* _Task prompt_: The data must be given again exactly as written, with all images omitted.

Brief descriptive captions
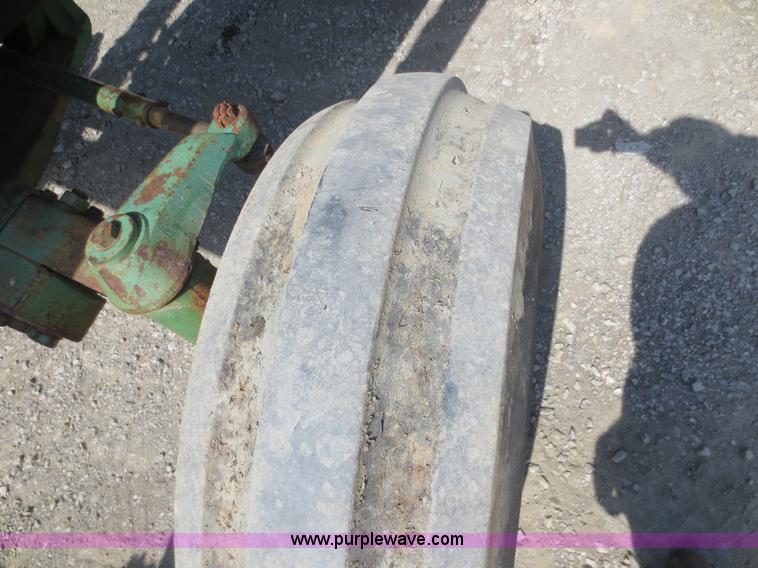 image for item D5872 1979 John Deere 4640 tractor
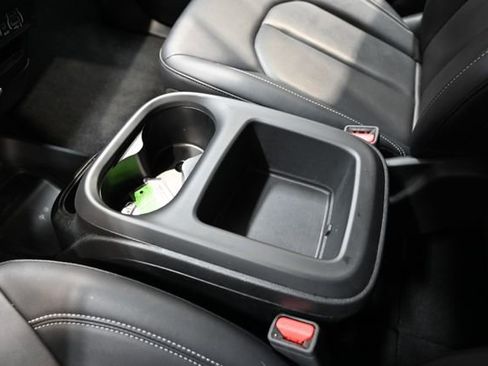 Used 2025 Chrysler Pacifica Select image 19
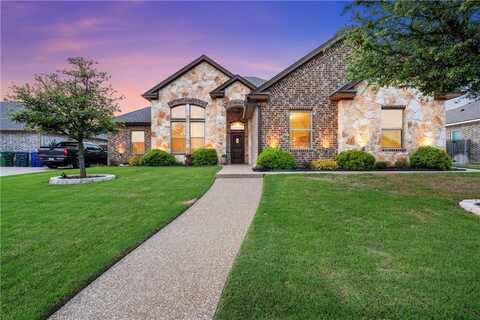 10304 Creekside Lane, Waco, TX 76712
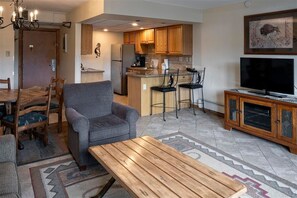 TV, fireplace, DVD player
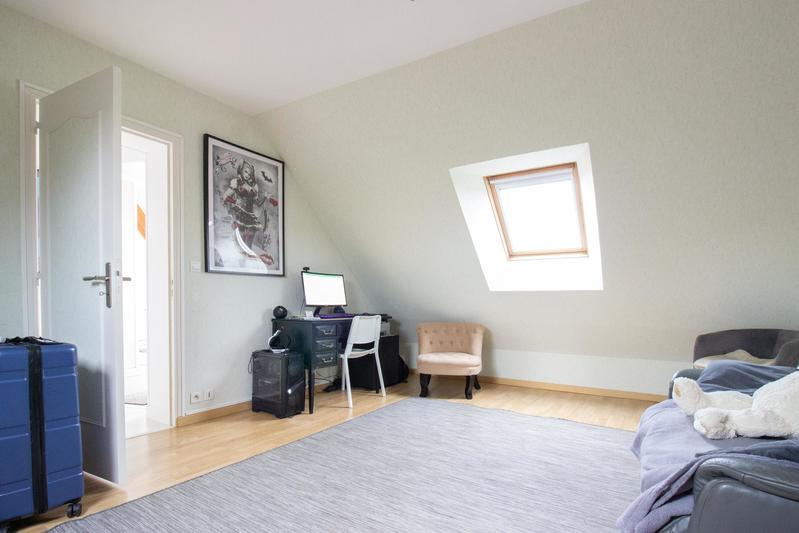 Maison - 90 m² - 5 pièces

* _Output of the exercise_:
 image for item D5872 1979 John Deere 4640 tractor
 Used 2025 Chrysler Pacifica Select image 19
 10304 Creekside Lane, Waco, TX 76712
 TV, fireplace, DVD player
 Maison - 90 m² - 5 pièces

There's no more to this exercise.